Agora piorou: precisamos, então, de cachorros para aprender a ser gente? Sim, mais ou menos isso. Em um mundo tão perverso e conturbado, animais oferecem constância. Nem sempre é possível confiar no marido, não sabemos se estamos fazendo as melhores escolhas, não temos certeza de nada, de coisa nenhuma, nem de quanto receberemos, afinal, em nossa aposentadoria e quando ela se dará. Temos medo de muita coisa. De sofrer. De sermos abandonados. E no meio de tantas incertezas, o caráter de nosso cachorro permanece o mesmo.
Tá, (pensa o leitor), agora o caráter do cachorro salva vidas…
A vida, não, mas o dia, sim. E sendo a vida composta de dias, talvez devêssemos compreender melhor porque algumas pessoas gostam tanto de seus animais.
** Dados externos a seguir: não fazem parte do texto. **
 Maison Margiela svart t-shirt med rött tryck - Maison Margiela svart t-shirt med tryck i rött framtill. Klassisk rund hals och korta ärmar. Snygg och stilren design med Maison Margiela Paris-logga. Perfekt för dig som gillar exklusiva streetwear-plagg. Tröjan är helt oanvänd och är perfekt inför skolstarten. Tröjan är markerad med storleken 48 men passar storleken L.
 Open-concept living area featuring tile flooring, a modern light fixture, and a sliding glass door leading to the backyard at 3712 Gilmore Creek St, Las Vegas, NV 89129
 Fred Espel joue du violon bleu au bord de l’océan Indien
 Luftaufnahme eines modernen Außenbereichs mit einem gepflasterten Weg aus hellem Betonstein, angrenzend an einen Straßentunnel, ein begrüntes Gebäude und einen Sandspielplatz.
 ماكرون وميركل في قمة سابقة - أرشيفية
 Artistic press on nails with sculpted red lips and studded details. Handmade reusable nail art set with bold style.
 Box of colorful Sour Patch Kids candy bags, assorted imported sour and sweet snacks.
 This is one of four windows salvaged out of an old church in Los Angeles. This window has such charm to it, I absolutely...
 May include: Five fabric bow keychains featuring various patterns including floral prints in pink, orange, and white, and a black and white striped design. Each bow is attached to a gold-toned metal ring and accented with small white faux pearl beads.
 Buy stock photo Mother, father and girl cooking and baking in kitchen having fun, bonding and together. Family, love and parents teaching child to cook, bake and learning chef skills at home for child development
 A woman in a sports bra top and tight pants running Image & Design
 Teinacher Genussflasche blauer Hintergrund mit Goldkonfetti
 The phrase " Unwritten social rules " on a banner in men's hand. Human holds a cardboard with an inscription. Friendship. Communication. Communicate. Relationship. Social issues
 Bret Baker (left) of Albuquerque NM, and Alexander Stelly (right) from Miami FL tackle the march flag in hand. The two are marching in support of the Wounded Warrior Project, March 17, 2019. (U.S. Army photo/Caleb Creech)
Além do afeto indiscutível, o cão é um elo que nos liga ao mundo natural, ao direito que temos de relaxar depois do almoço e de se espreguiçar ao sentir no rosto os primeiros raios de sol, pequenos prazeres da vida que perdemos no meio do caminho. E tem a gratidão. Podemos não nos dar conta disso, mas a falta dela nos consome. A gratidão é filha da solidariedade, aquela que tentamos manter acesa dentro de nós mesmo quando tudo ao redor sugere cuidar apenas do nosso nariz. Sem a gratidão, a solidariedade fica meio sem sentido. A fidelidade inabalável dos cães supre parte dessa necessidade de termos uma resposta positiva por aquilo que fazemos de bom, já que agir em nome do bem às vezes gera custos e dedicação. A bondade que fazemos para um cão reflete na essência do animal que, veja só!, sabe retribuir. E em dobro. Uma relação de troca que às vezes não encontramos nem mesmo entre pais e filhos, e não é difícil entender o porquê. Cão não é humano. Enquanto cães são puro afeto e dedicação, pessoas amam e odeiam na mesma intensidade, frutos de desilusões que cimentaram seu coração, ressentimentos que doutrinam os atuais relacionamentos. Contudo, independente do que se viveu, sempre é bom estar cercado de criaturas agradecidas, bondosas e que gostem da gente, e se esse pacote vier em forma de cachorro qual é o problema?